A : (avec un enthousiasme non contenu) T’as compris ? E-book, Hi-bou(k) ! L’aigle et le E-book…

B : (regardant sa montre) Il se fait tard…

A : (reprenant son sérieux) Pour répondre à ta question, oui, je connais bien Le Livre sur les quais.

Antonio Albanese

Écrire devient rencontrer

Chaque semaine, un auteur nous raconte son Livre sur les quais.

Un nom : le mien ; une chaise, le lac en guise de décor et devant moi mes livres. Je m’assieds timide. Jouer avec ma plume en me demandant si elle va servir. Prendre conscience du lieu, saluer les auteurs, regarder déambuler les passants. Se dire qu’il y aurait tant à écrire sur ces vies qui défilent. Dans ma rêverie, je n’ai pas vu la dame qui se saisissait de mon ouvrage. Elle le retourne, lit silencieusement le quatrième de couverture. Quand ses yeux croisent les miens, elle me demande si je peux le lui dédicacer. Je lui souris et laisse courir l’encre sur le papier. Une première rencontre, qui en amène d’autres. Des heures d’échanges, de rires, d’anecdotes. Des bénévoles qui vous choient, complètent les piles, vous tiennent compagnie un instant. Passer de l’autre côté de la table, se balader dans les allées, faire signer un livre, un second, puis tant, que les bras en deviennent lourds. Se réjouir des moments de lectures futurs. Écouter les auteurs ; parler à son tour. Signer encore, laisser partir ses héros avec des inconnus. Espérer qu’on les aimera.

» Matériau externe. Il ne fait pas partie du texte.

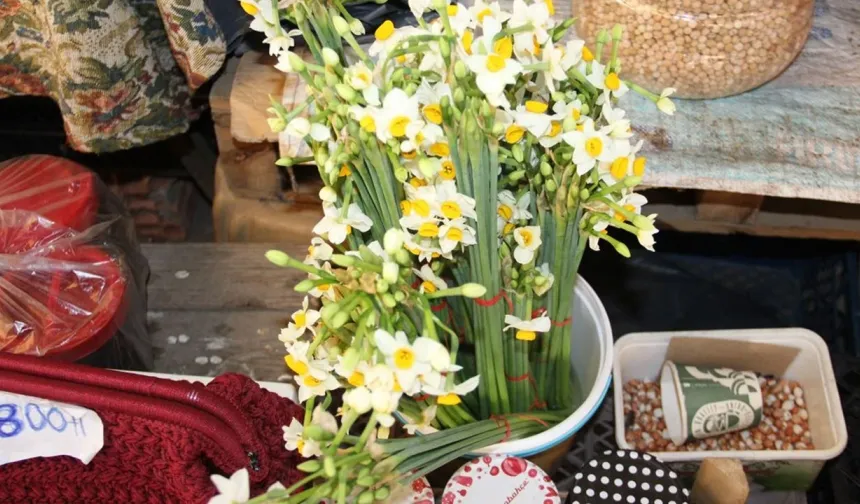 Kışın habercisi Nergis, İnebolu pazarını renklendirdi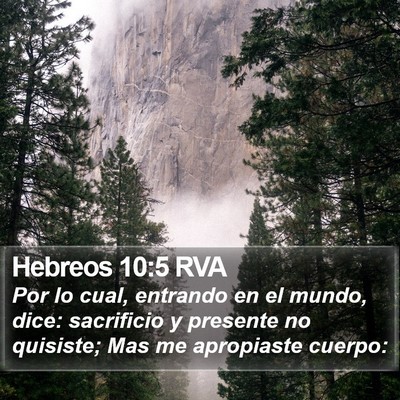 Hebreos 10:5 RVA Bible Verse Image
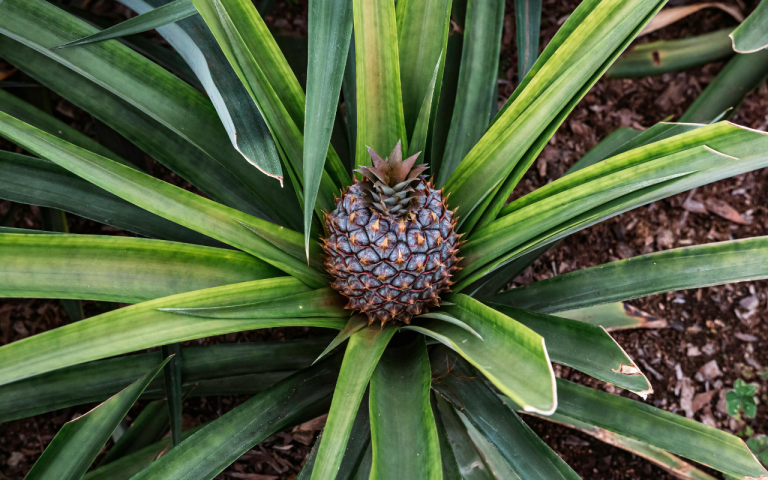 Bild einer nachwachsenden Ananas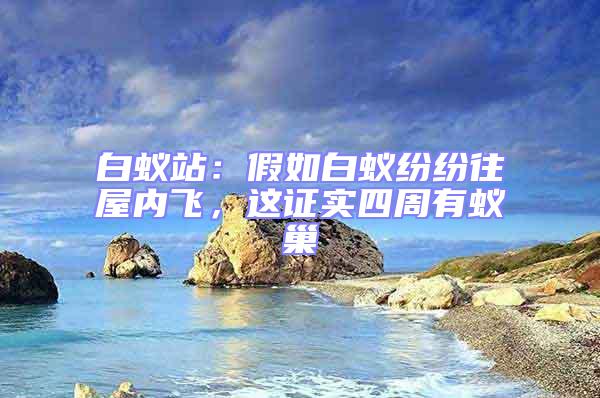 白蟻站：假如白蟻紛紛往屋內(nèi)飛，這證實(shí)四周有蟻巢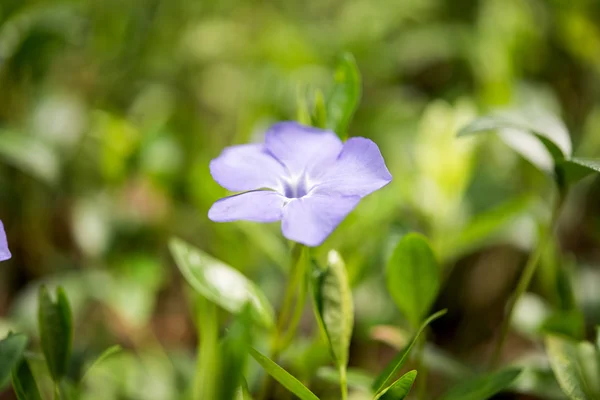 タンポポの花の色 — ストック写真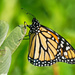 Monarch butterfly by rminer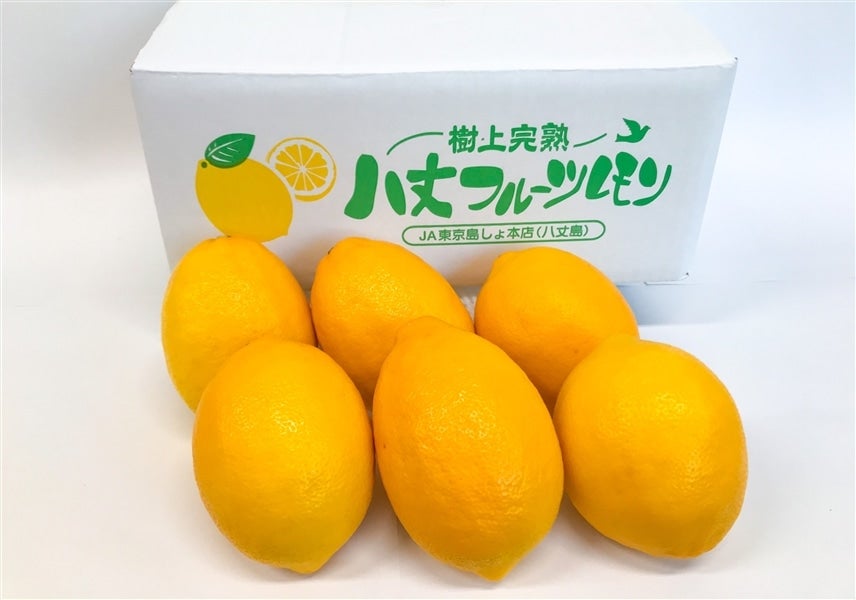 【贈答箱】八丈フルーツレモン　約2kg　特選品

Le soleil décline, la tempête se lève. La tente se vide. Rester encore un peu. Savourer le moment. Écrire. Travail solitaire. Écrire pour être lue.

À Morges, sur les quais, écrire devient rencontrer.

Abigail Seran

Perfect opportunity!

Chaque semaine, un auteur nous raconte son Livre sur les quais.

Le livre sur les quais c’est super-coule, m’avait dit un jeune éditeur à l’esprit pragmatique, tu verras, tu en vends beaucoup plus qu’au salon, parce que Le livre sur les quais c’est axé sur les auteurs, pas sur les éditeurs comme au salon. Et puis, c’est l’occasion de rencontrer d’autres écrivains suisses romands, des poulains de Slatkine, Antipodes, Plaisir de lire, Joie de lire, Art et Fiction, Mon Village, Empreintes, Faim de siècle et tant d’autres qui font un travail incroyable (je parle de ces éditeurs engagés, solidaires, passionnés), qui n’ont pas froid aux yeux, qui bougent les lignes. C’est un rendez-vous à ne pas manquer, pour rien au monde!!!

Il avait raison le jeune éditeur à l’esprit pragmatique. Comme j’ai bien fait de m’y rendre, au Livre sur les quais. Non seulement j’ai vendu des livres mais, en outre, j’ai rencontré des écrivaines à la fois brillantes, risque-tout, franches et originales, avec lesquelles j’ai pu discuter à bâtons rompus d’installations troublant la sémantique, de vidéastes islandais et sud-coréens, des performances de Marina Abramovic et de Pro Helvetia. Avec l’une d’elles, je travaille sur un projet que nous ne pouvons dévoiler ici.